▸ **WHAT TO WORK ON**: Among the entries below, find the line with "7287 Lakeshore Court, Willis, TX 77318" and the line with "ha raggiunto punto". Return exactly those lines and every line between them, but no pictures.

▸ **DATASET EXCERPTS**:

==================================================

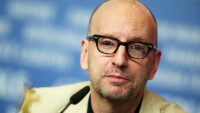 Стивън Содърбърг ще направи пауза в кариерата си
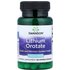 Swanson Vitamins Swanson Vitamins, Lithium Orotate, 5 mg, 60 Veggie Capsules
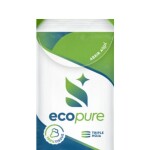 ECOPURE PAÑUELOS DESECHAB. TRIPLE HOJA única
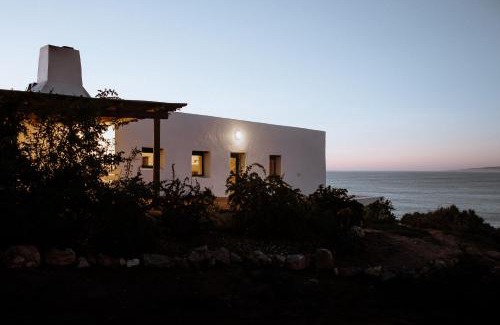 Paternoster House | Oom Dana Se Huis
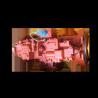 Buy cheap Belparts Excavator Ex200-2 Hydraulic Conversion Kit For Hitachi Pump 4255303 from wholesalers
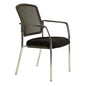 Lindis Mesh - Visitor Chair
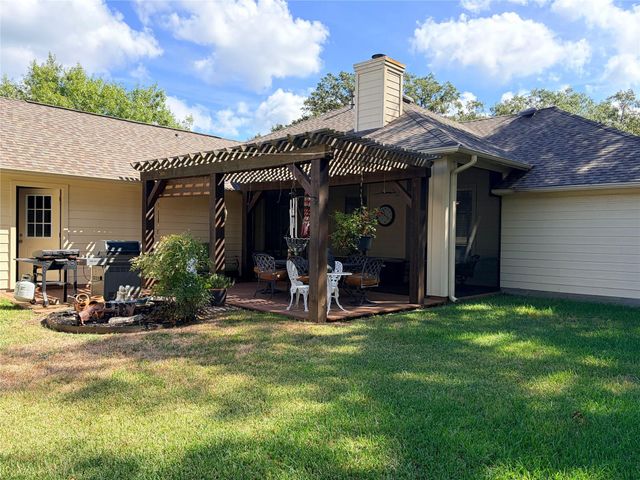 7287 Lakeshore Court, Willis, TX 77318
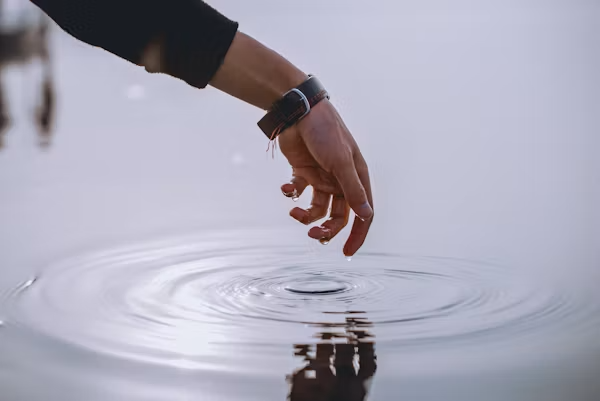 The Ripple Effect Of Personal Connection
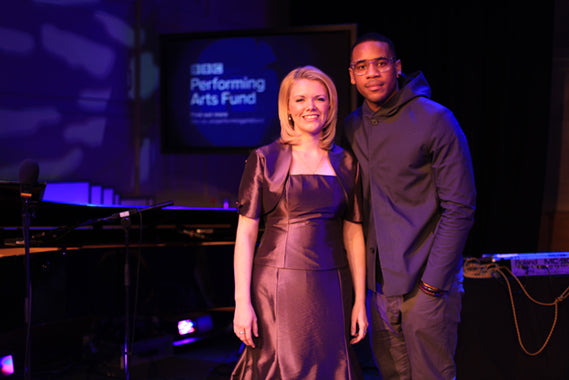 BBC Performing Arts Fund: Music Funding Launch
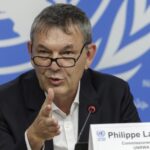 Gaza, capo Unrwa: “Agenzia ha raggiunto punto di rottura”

==================================================

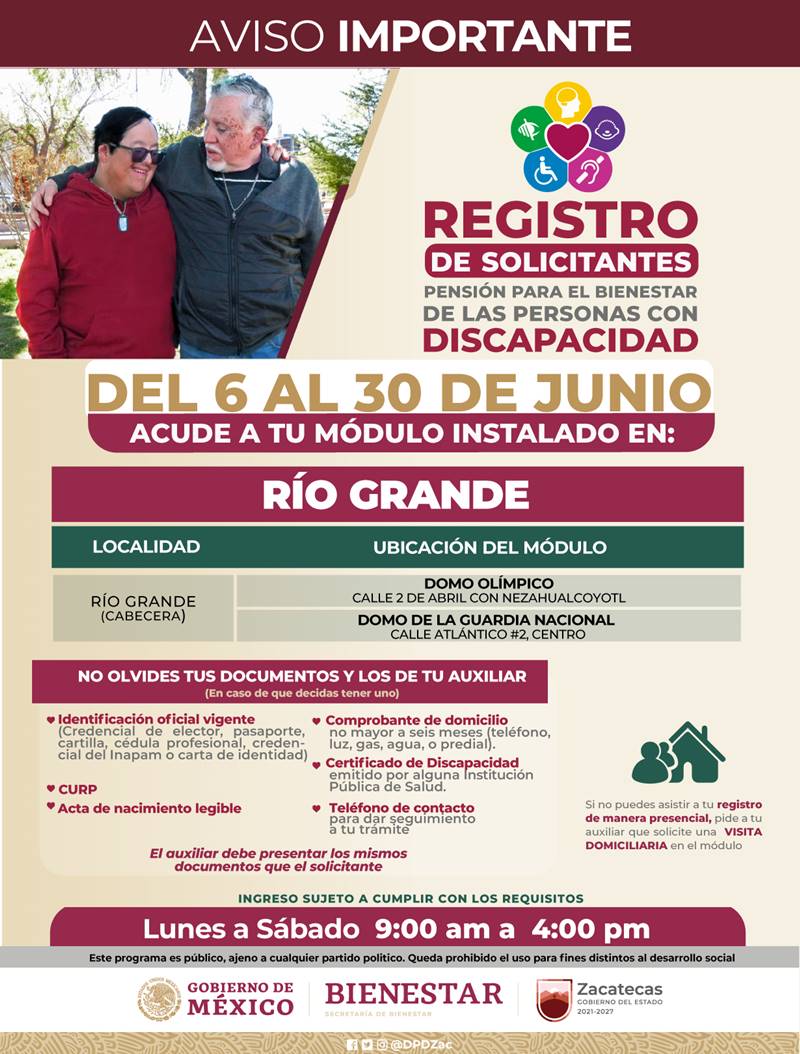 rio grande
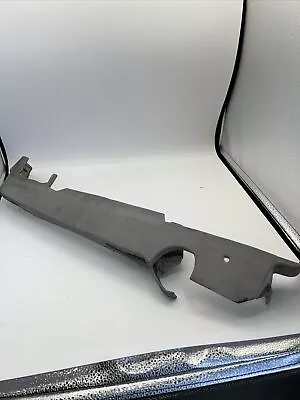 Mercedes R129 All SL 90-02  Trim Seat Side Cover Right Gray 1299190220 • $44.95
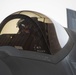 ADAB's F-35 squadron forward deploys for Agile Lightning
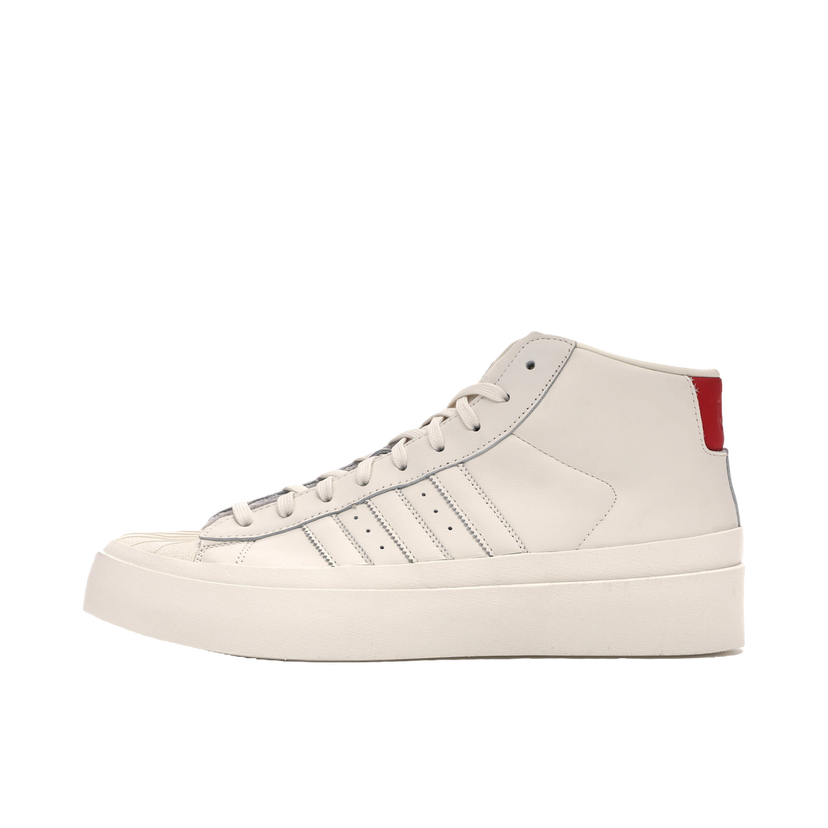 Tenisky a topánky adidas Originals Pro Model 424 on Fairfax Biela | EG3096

==================================================

▸ **FINISHED EXERCISE**:
 7287 Lakeshore Court, Willis, TX 77318
 The Ripple Effect Of Personal Connection
 BBC Performing Arts Fund: Music Funding Launch
 Gaza, capo Unrwa: “Agenzia ha raggiunto punto di rottura”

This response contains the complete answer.